Je ne voulais pas la brusquer et encore moins la contraindre car si elle refusait je ne ferais rien de plus que de lui donner mon adresse et lui dirais que je serais ravis si elle changeait d'avis.
Enfin devant moi j'avais une déesse noire, pour bien visualisé la chose la jeune femme était de toute évidence noire, un visage doux , des yeux qui vous captivent , une bouche plutôt large mais qui avait l'air douce, et une coiffure a la perfection. je ne pus réprimer un compliment

- Vous seriez magnifique dans une robe de haute société. Pris une pause et reprit. Excusez mon impolitesse mais comment vous nommez vous ? puisque vos parent on du vous donnez un nom à la naissance je suppose.

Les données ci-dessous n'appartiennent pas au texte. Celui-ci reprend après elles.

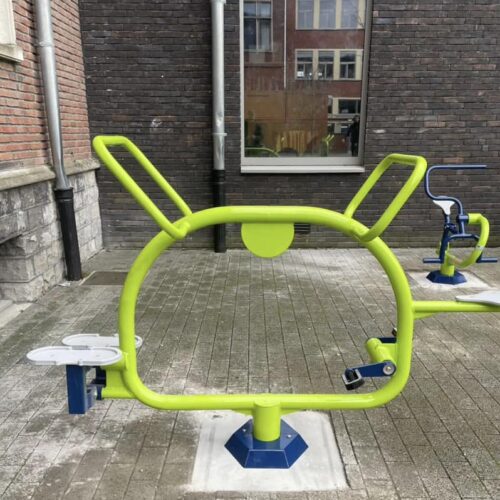 kinder fitnesstoestel Small Wheels 8 Standaard wordt dit outdoor fitness toestel geleverd in de kleuren groen en blauw, maar andere kleurstellingen zijn op aanvraag mogelij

J'afficha dès lors un sourire chaleureux qui ne me quitta pas tant que je fus avec elle. une pensée me vint en tête " Et si je devait demandé a son employeur pour la peindre ? je n'y avait pas pensée suis -je bête enfin voyons ce qu'elle veux elle et après je ferais le nécessaire si il faut payer pour peindre une telle merveille je le ferais je la veux sur mes tableaux je veux être la première a peindre cette femme " je fut interrompu lorsqu'elle me répondit et je du lui demander

- Pourriez vous répété j'ai mal entendu a cause de mes rêveries et du bruit autour maudit Fiacres !. Je vous en prie recommencez je suis toute ouïe.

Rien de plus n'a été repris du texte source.